World

Probe into Nigerian sect leader's death demanded

An investigation should be conducted into the death of the leader of a Nigerian Islamist sect, an international human rights group demanded on Friday.

An investigation should be conducted into the death of the leader of a Nigerian Islamist sect, an international human rights group demanded on Friday.

New York-based Human Rights Watch called for the investigation, saying reports that Mohammed Yusuf was shot and killed hours after his arrest were "extremely worrying."

"The Nigerian authorities must act immediately to investigate and hold to account all those responsible for this unlawful killing and any others associated with the recent violence in northern Nigeria," said Corinne Dufka, the group's senior West Africa researcher.

Nigeria's national police claimed victory Friday over Boko Haram, the group blamed for five days of violence in northern Nigeria that has claimed about 150, on Friday.

Yusuf, 39, was the leader of the group and was arrested Thursday night after a manhunt for members of the sect.
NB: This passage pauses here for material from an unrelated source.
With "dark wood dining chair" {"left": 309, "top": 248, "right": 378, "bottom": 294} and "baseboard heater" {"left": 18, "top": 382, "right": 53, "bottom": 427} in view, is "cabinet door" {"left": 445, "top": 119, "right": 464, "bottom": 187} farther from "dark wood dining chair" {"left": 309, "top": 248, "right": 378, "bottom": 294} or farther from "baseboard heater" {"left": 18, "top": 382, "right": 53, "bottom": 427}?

There have been conflicting reports from police regarding whether Yusuf died while in custody or during a shootout while he was trying to escape.

Human Rights Watch has documented allegations of previous extra-judicial executions by Nigeria's police and security forces.

Boko Haram fighters have attacked police stations, churches, prisons and government buildings in a wave of violence that began Sunday in Borno state and quickly spread to three other states in mainly Muslim northern Nigeria.

"This group operates under a charismatic leader. They will no more have any inspiration," national police spokesman Emmanuel Ojukwu told The Associated Press. "The leader who they thought was invincible and immortal has now been proved otherwise."

Calm sets in for now

Witnesses said most of the northern city of Maidugiri was calm on Friday morning, but analysts said that it was unclear if that condition would hold.

Nnamdi K. Obasi, a Nigerian analyst with the International Crisis Group, said he seemed to have several hundred core followers in the capitals of 12 northern states and a few thousand supporters in each urban centre.

Yusuf's followers believe the greatest honour is to die fighting for their cause, Obasi said.

Yusuf's death could bring an end to violence in northern Nigeria or inspire revenge attacks, according to experts.

Boko Haram means "Western education is sin" in the local Hausa dialect. The militants, armed with homemade hunting rifles, bows and arrows and scimitars, are seeking to impose Taliban-style rule — based on strict interpretations of Islamic law — in Nigeria.